Stunned scientists have found the fossilised remains of the world's greatest snake -- a record-busting serpent that was as long as a bus and snacked on crocodiles.
The boa-like behemoth ruled the tropical rainforests of what is now Colombia some 60 million years ago, at a time when the world was far hotter than now, they report in a study released on Wednesday.
The size of the snake's vertebrae suggest the beast weighed some 1.135 tonnes, in a range of 730 kilos (1,600 pounds) to 2.03 tonnes.
And it measured 13 metres (42.7 feet) from nose to tail, in a range of 10.64-15 metres (34.6-48.75 feet), they estimate.
"Truly enormous snakes really spark people's imagination, but reality has exceeded the fantasies of Hollywood," said Jonathan Block, a vertebrate palaeontologist at the University of Florida, who co-led the work.
"The snake that tried to eat Jennifer Lopez in the movie 'Anaconda' is not as big as the one we found."
"At its greatest width, the snake would have come up to about your hips," said David Polly, a geologist at the University of Indiana at Bloomington.
The investigators found the remains of the new species at an unlikely location -- at one of the world's biggest open-cast coalmines, in Cerrejon, Colombia, where giant machines had obligingly gnawed away surface layers of dirt.
Working as huge coal-laden trucks thundered by, the team sifted through the earth, laying bare the remains of supersized snakes and their likely prey -- extinct species of crocodiles and giant turtles -- and evidence that a massive rainforest once covered the ground.
"The giant Colombian snake is a truly exciting discovery. For years, herpetologists have argued about just how big snakes can get, with debatable estimates of the max somewhere less than 40 feet" (12.3 metres), said leading snake expert Harry Greene of Cornell University, New York.
Titanoboa cerrejonensis -- whose Latin name honours the coal mine -- is not only a source of jaw-dropping wonder.
It is also a useful indicator as to the world's climate after the dinosaurs were wiped out some 65 million years ago, the team say.
Unlike mammals, reptiles cannot regulate their own temperature.
As a result, they are limited in body size by the ambient temperature of where they live. For example, reptiles today are bigger in the tropics than they are in cooler latitudes.
Based on T. cerrejonensis, the scientists calculate that the mean annual temperature in equatorial South America 60 million years ago would have been 30-34 degrees Celsius, or 86-93 degrees Fahrenheit.
That makes it around 3-4 C (5.5-7.2 F) hotter than tropical rainforests today.
If so, this is a welcome piece of news about climate change.
Simulations about global warming suggest that, on present trends, the world's surface temperatures could rise by between 1.8-4.0 C (3.2-7.2 F) by 2100.

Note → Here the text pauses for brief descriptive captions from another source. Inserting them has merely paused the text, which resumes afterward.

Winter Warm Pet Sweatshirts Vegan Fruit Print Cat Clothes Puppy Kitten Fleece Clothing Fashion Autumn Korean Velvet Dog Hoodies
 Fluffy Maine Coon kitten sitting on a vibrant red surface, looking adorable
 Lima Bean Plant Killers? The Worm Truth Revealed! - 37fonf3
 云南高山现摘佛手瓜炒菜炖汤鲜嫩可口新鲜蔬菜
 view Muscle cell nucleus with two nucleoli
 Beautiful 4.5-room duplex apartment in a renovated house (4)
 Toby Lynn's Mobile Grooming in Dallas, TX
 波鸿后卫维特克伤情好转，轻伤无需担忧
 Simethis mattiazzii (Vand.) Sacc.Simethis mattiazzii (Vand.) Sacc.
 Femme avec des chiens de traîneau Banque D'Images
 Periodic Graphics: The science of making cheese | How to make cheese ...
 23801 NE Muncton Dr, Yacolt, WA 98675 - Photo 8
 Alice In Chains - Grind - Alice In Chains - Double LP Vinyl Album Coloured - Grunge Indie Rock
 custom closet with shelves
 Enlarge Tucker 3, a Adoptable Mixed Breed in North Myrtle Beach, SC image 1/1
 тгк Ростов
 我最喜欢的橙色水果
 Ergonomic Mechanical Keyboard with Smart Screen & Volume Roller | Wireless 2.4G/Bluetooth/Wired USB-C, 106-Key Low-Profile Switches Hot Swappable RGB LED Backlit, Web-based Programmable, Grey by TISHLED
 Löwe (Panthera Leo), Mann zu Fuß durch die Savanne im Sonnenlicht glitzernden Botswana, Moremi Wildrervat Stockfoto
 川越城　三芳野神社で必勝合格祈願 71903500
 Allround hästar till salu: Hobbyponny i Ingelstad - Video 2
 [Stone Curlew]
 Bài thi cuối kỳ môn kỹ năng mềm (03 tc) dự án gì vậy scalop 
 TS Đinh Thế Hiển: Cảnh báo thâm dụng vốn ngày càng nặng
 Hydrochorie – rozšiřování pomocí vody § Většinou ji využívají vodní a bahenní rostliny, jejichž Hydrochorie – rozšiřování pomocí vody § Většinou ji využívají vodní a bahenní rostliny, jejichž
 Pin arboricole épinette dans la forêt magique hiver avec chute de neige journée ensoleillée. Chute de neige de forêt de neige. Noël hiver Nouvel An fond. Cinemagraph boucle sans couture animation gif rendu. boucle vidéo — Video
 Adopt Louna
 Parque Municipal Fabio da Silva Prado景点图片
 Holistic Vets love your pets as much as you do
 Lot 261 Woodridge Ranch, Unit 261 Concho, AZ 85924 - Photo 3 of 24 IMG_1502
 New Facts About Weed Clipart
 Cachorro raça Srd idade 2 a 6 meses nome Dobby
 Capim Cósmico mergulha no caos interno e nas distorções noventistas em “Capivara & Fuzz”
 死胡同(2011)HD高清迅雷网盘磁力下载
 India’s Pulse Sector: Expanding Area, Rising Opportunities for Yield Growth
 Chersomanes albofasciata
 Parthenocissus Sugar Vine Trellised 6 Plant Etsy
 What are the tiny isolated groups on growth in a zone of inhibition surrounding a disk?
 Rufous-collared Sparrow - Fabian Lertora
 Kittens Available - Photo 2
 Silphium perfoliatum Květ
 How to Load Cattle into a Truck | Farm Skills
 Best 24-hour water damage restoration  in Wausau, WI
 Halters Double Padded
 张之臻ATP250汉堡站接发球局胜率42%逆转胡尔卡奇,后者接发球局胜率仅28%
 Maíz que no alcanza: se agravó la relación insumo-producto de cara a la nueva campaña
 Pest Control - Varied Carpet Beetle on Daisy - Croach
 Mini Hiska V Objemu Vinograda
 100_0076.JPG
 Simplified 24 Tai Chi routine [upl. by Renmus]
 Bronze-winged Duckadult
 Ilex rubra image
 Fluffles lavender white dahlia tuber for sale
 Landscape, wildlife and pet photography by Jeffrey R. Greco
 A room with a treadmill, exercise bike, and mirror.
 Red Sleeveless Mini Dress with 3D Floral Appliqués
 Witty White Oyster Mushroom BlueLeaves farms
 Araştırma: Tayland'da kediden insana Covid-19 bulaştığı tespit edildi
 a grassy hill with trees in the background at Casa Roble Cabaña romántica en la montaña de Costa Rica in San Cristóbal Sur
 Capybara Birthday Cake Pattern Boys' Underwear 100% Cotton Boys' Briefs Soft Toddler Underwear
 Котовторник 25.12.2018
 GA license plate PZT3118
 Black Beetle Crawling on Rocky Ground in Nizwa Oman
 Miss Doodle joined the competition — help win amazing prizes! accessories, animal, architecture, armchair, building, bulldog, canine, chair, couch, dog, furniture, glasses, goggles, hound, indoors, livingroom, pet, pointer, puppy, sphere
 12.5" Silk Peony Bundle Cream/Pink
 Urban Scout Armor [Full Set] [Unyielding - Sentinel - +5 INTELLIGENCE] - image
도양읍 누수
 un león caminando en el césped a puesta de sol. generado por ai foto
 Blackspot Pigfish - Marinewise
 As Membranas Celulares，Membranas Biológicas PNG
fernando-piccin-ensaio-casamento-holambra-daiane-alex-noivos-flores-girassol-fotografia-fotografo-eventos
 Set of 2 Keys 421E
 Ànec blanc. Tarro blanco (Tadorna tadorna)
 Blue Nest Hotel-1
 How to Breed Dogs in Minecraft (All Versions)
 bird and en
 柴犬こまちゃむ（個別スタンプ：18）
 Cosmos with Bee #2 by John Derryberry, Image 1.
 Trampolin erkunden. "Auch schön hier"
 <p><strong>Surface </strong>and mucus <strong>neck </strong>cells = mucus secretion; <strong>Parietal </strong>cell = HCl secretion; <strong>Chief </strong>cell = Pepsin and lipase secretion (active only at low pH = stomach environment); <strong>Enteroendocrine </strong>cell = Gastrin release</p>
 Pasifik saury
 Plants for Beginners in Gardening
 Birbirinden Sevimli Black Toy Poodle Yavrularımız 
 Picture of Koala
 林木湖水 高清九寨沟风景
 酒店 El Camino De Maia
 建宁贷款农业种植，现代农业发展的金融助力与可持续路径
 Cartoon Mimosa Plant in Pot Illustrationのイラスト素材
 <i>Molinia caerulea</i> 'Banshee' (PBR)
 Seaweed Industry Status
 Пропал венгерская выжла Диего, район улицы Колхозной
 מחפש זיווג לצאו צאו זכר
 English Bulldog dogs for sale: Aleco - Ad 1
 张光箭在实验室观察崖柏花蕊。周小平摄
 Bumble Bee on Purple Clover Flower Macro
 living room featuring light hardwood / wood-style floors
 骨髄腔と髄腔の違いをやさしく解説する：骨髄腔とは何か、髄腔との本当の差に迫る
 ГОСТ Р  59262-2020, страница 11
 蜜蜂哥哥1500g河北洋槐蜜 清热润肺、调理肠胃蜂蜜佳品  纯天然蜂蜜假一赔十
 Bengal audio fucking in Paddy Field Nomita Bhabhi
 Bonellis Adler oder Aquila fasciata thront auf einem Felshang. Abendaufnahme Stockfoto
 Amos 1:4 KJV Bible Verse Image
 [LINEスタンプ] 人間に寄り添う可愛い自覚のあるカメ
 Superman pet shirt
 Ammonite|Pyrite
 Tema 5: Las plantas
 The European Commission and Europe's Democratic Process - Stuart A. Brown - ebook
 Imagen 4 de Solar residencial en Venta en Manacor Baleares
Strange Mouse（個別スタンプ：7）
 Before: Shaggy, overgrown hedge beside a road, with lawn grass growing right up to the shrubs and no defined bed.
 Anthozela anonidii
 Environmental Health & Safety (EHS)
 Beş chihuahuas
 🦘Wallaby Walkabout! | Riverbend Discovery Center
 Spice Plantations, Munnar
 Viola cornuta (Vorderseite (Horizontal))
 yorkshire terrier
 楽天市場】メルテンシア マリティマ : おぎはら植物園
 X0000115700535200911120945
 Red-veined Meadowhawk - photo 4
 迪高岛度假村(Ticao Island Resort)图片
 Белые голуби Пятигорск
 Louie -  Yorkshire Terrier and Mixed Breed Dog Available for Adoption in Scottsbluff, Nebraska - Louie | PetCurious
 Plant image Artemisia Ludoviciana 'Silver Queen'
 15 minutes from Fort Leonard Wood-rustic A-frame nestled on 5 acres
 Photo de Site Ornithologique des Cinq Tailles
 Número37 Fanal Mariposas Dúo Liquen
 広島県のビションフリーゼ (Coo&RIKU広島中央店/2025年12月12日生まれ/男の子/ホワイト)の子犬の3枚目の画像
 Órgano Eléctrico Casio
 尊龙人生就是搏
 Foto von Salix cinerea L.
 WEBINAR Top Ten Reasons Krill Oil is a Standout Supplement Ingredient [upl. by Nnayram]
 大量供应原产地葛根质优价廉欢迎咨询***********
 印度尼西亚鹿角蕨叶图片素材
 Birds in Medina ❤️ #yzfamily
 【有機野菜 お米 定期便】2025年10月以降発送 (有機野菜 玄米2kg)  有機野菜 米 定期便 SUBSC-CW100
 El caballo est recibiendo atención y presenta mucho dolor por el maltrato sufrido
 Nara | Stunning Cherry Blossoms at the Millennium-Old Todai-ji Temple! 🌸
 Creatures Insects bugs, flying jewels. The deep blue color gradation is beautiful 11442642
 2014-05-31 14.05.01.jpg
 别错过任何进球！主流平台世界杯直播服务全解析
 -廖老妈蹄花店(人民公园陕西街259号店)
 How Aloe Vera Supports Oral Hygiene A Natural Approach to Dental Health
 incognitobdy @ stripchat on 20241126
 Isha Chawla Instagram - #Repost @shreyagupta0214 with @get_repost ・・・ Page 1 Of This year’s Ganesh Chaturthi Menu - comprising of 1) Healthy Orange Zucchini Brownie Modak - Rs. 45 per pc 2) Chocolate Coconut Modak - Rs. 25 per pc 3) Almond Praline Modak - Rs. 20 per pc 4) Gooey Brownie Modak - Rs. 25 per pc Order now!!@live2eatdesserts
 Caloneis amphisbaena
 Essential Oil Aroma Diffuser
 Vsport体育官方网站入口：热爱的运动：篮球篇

If the supersnakes are a guide, tropical rain forests could still exist at such temperatures, although a fast, massive rise in warming could well be devastating to many species.
The paper is published by the British-based weekly science journal Nature.
The world's longest snake today is the Asian reticulated python, specimens of which can grow around 10 metres (32.5 feet), and the biggest in terms of mass is the green anaconda, with some specimens weighing 227 kilos (550 pounds).